Si ces institutions communales qui sortent naturellement de la civilisation slave, et qui, çà et là, se produisent avec une admirable vigueur, si ces heureuses municipalités faisaient partie d’un système politique plus parfait, et n’étaient pas dénaturées, en Russie surtout, par l’immixtion des principes de despotisme, de conquête ou d’aristocratie, elles porteraient les plus heureux fruits, elles donneraient aux sociétés slaves une originalité, une fécondité merveilleuses. Par malheur, il n’est au monde que la petite principauté de Serbie qui ait pu se constituer politiquement d’après ces principes de liberté et de démocratie : c’est le seul endroit où les traditions slaves aient pu se produire à peu près à leur aise ; mais ce n’est qu’une Slavie en miniature ; et partout ailleurs la commune slave, assez vivace pour avoir pu traverser bien des siècles et bien des régimes, gémit cependant sous le poids ou d’une souveraineté illimitée ou d’une conquête étrangère.
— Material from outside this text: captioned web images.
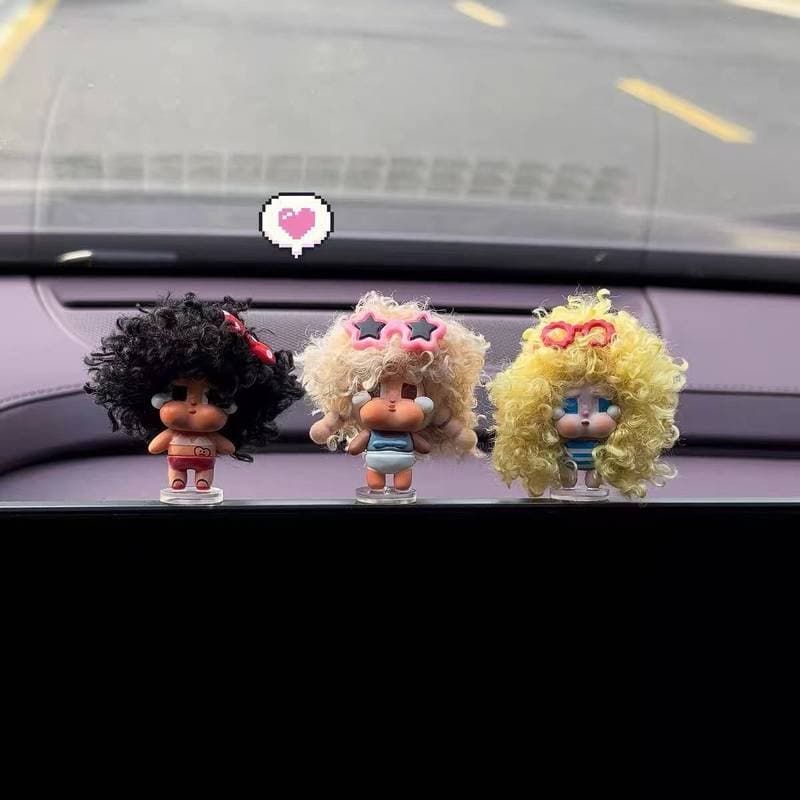 Decoração criativa de carro, personagem de desenho animado, cabeça de explosão, decoração de carro, Console central, tel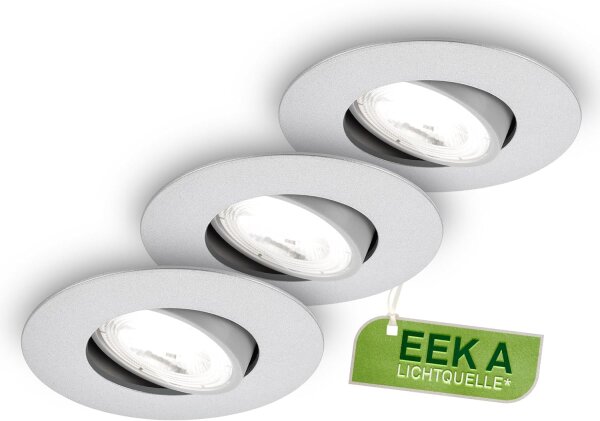 LED Einbauspots Ultraenergieeffizient, Chrom-matt, Bohrloch 6,8 cm, 3x2W, 360lm – Briloner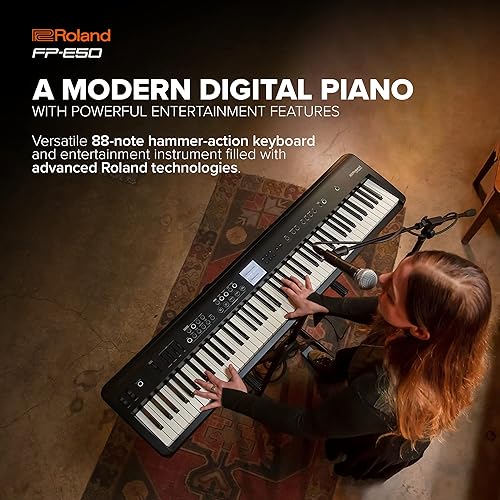 Miniatura 3 de Roland FP-E50 Piano digital y banco de teclado acolchado ajustable RockJam KB100, estilo X, color negro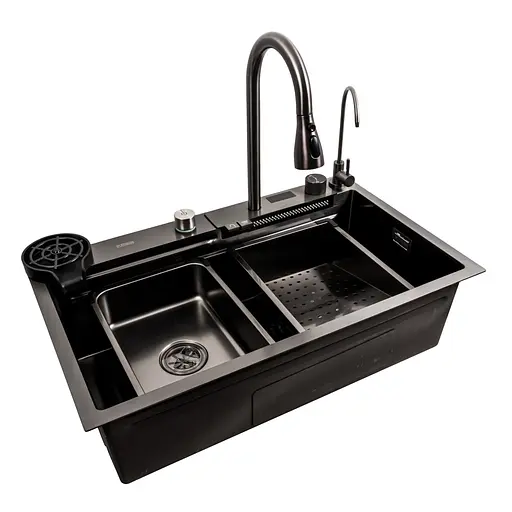 Кухонна мийка 75x45G чорна Platinum Handmade Водоспад, Чорний - фото 4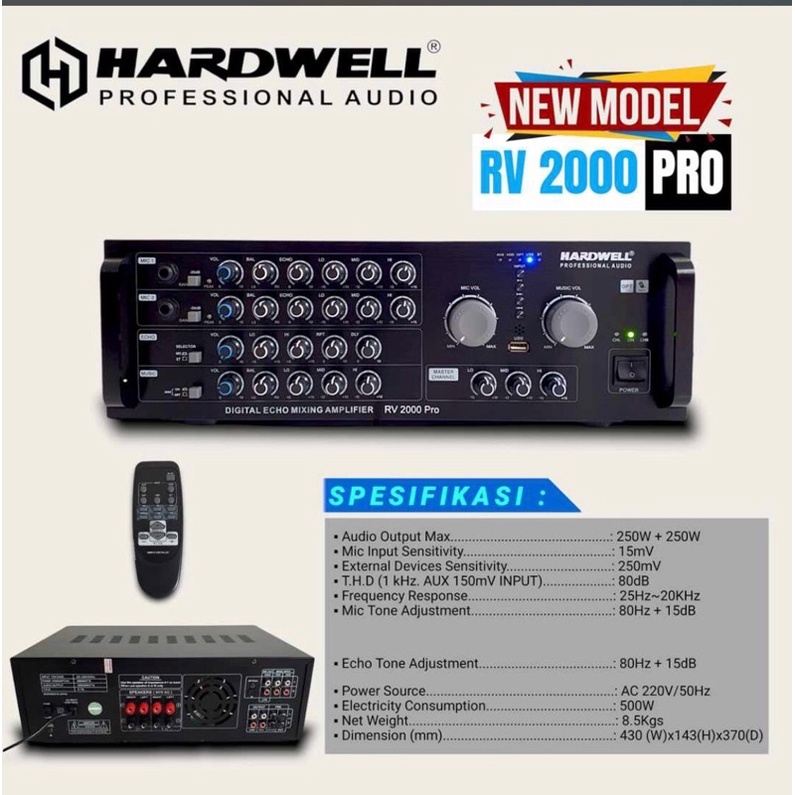 Jual Amplifier Hardwell Rv 2000 pro Original RV2000 Ampli karaoke 220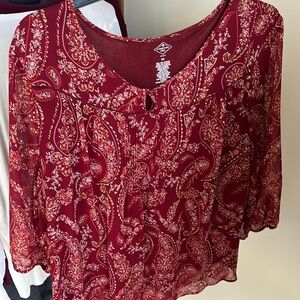 Red Relaxed Blouse with Lace Details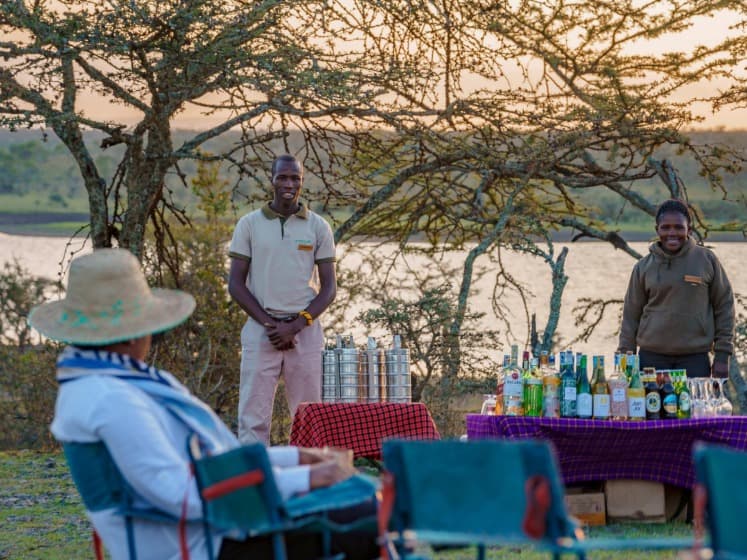 Mutara Camp bush dinner setup within the conservancy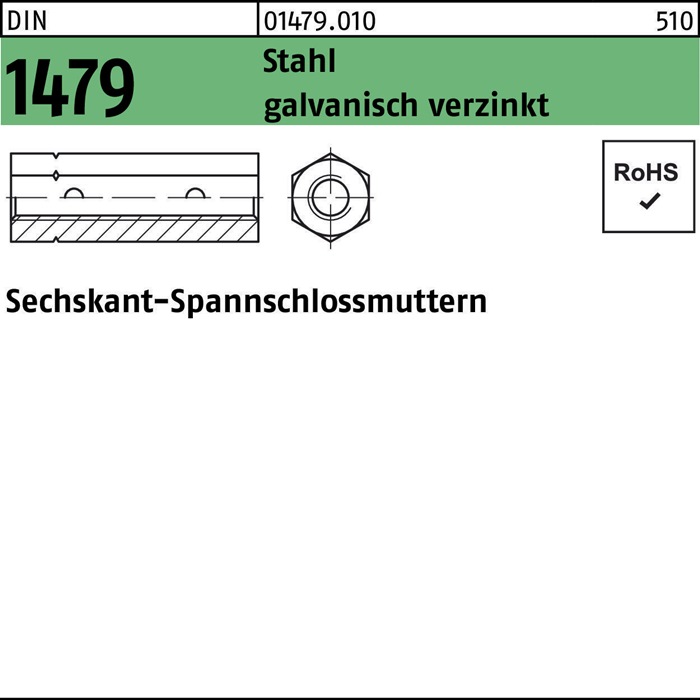 Sechskantspannschlossmutter DIN 1479 M8 Stahl galv.verz. 25 Stück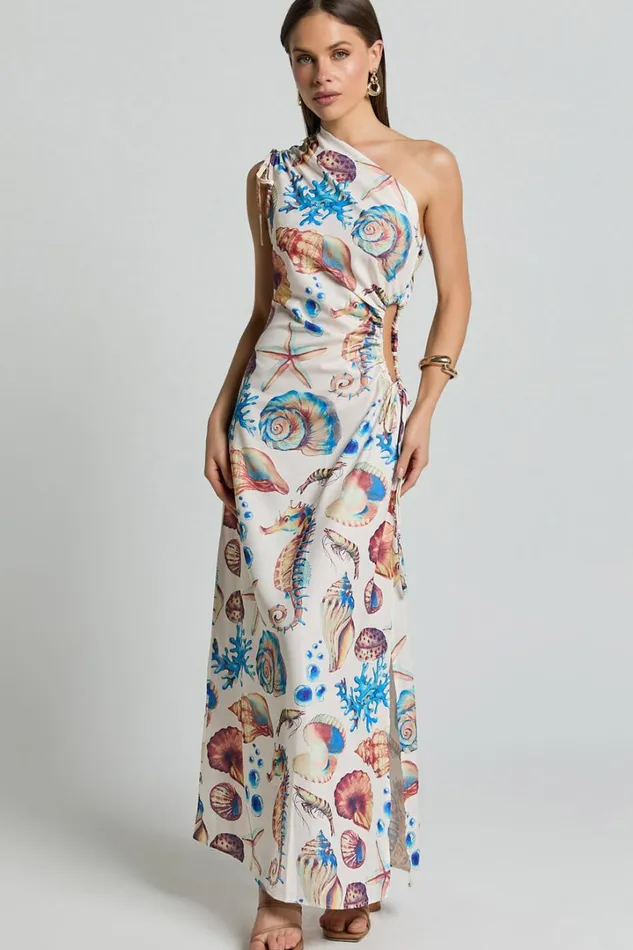 Gemma Midi Dress 8211 One Shoulder Side Cut Out Side Slit Dress In Holiday Print Women Showpo Dresses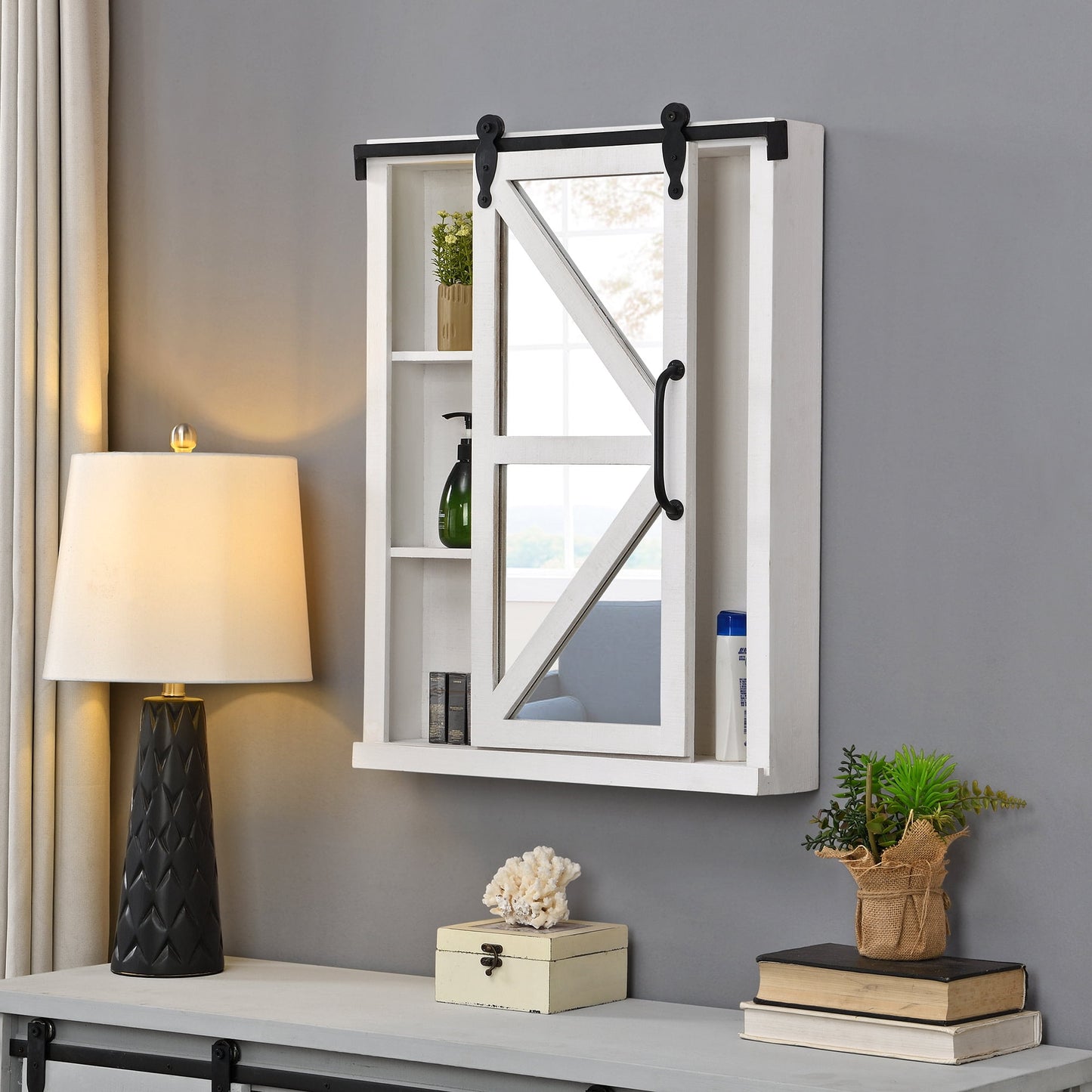 FirsTime & Co. Black Winona Barn Door Mirrored Cabinet, Farmhouse, Square, 21 x 5.5 x 28 in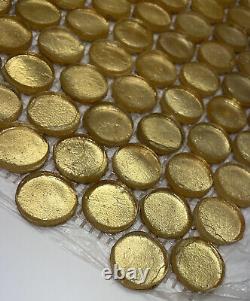 Gold Glass Penny Round Mosaic Tile 12.2 x 12.2 Sheet for Kitchen (LOT OF 8)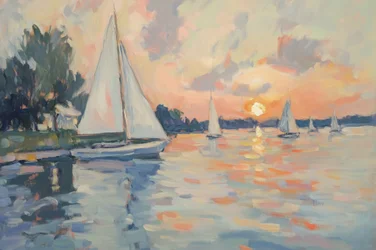 Peaceful Sunset Sailboats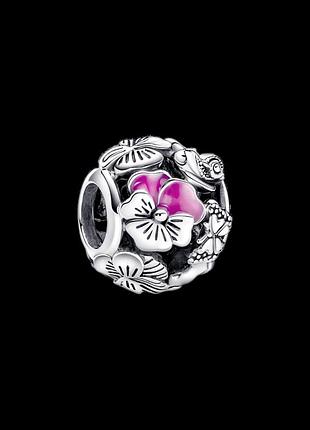 Серебряный шарм пандора друзья фиалки 790759c01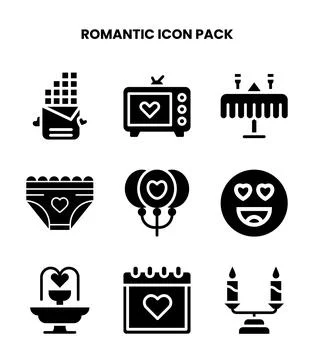 Romantic Glyph Vector Icons Pack Stock Illustration
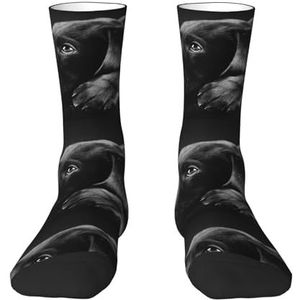 Zwarte Labrador-puppy-kunst, compressiesokken, crew-sokken, casual sokken voor volwassenen, sportsokken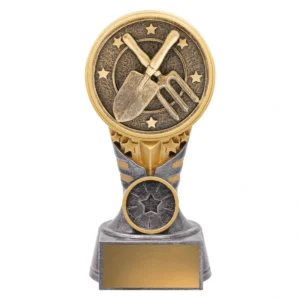 Small silver and gold gardening trophy with flared column body, round medallion top featuring crossed hand fork and trowel, star detailing and engraving plate on tiered base
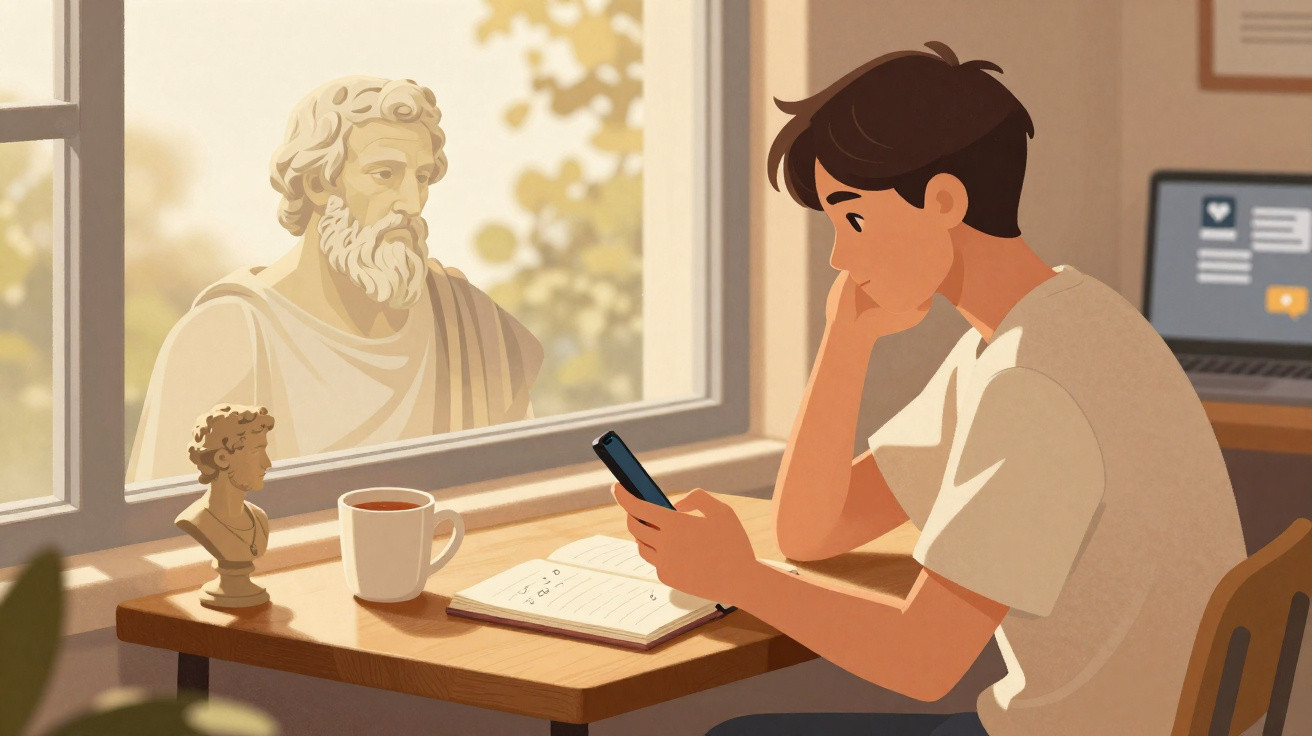 Jovem sentado à mesa olhando celular com caderno aberto, bustos e estátua de filósofo ao fundo na janela.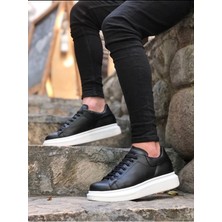 YCS0547 Ycs Kalın Yüksek Taban Siyah Beyaz Bağcıklı Spor Erkek Ayakkabı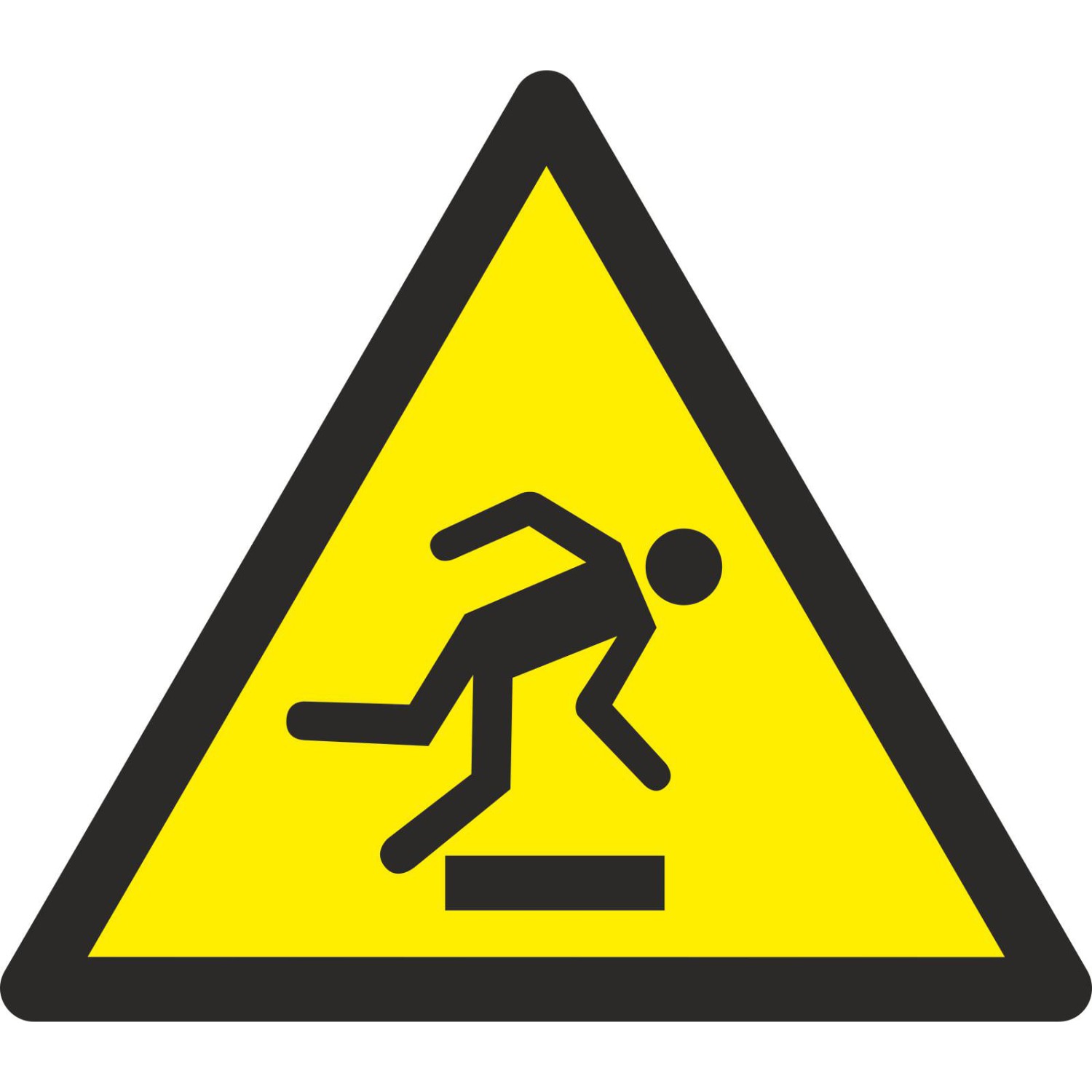 0. Foto Schild Warnung vor Hindernissen am Boden W007 (Material und Größe: Schild 40 cm)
Quant à l’état slave, nulle part encore il n’a pu se constituer dans sa plénitude ; il n’existe pas dans la réalité ; nous sommes réduits à le chercher dans les livres. En revanche, les écrits des slavistes expriment à chaque page la pensée qui lui doit servir de fondement, la nationalité. Ce mot de nationalité offre matière à controverse. Pour éviter toute confusion, il faut distinguer deux sortes de nationalités : celles qui se sont formées par un développement historique, par l’immixtion et l’assimilation successive de plusieurs races, et celles qui résultent du développement libre d’une même race. L’unité de langue en est la marque distinctive. La nationalité ainsi comprise est, suivant les slavistes, le seul légitime fondement de l’état. Par là, ils menacent à la vérité toute agrégation de peuples basée sur le principe de la conquête, et, en ce sens, ils sont révolutionnaires. À ce principe de conquête ils en substituent toutefois un autre qui devient essentiellement conservateur, et qui rend à jamais impossibles de nouvelles guerres territoriales. Le jour, en effet, où l’Europe serait constituée sur ce principe de nationalité et de race, le malaise qui l’agite jusque dans ses entrailles disparaît, et fait place à une harmonie internationale nouvelle dans l’histoire de l’humanité.